▼
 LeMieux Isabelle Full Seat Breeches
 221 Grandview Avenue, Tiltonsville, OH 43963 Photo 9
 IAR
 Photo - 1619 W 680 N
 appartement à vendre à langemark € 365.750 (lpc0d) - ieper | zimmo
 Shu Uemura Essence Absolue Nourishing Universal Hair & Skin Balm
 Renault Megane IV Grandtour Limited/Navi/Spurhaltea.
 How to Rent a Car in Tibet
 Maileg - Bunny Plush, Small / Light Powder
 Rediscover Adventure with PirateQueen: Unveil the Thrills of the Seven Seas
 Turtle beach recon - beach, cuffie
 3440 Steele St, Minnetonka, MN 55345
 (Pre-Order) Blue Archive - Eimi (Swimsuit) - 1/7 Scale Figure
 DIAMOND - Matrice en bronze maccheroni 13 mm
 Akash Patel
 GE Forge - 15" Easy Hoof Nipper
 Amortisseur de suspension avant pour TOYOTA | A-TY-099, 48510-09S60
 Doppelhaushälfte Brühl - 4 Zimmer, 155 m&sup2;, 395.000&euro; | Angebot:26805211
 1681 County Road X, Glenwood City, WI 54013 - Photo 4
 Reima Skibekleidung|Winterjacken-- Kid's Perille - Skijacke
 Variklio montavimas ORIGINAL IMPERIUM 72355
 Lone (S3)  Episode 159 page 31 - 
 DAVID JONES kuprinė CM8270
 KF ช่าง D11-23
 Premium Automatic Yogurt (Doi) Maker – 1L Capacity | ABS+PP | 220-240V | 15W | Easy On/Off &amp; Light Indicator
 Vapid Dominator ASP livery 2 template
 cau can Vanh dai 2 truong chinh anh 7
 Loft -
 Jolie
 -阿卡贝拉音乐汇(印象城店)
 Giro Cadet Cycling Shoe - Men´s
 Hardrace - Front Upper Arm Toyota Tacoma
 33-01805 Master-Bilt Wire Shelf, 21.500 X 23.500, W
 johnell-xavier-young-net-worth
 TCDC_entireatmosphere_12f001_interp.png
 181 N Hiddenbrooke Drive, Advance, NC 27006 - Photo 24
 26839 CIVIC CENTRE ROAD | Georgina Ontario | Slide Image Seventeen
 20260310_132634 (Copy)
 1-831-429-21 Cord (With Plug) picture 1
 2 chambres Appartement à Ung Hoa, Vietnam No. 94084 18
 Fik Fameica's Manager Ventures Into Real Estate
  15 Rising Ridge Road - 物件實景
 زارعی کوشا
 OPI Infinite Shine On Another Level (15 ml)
▲
**What to produce**:
Everything from the line containing "1-831-429-21 Cord (With Plug) picture 1" through the last line above should be set down exactly; include no other lines.

**Output of the exercise**:
 1-831-429-21 Cord (With Plug) picture 1
 2 chambres Appartement à Ung Hoa, Vietnam No. 94084 18
 Fik Fameica's Manager Ventures Into Real Estate
  15 Rising Ridge Road - 物件實景
 زارعی کوشا
 OPI Infinite Shine On Another Level (15 ml)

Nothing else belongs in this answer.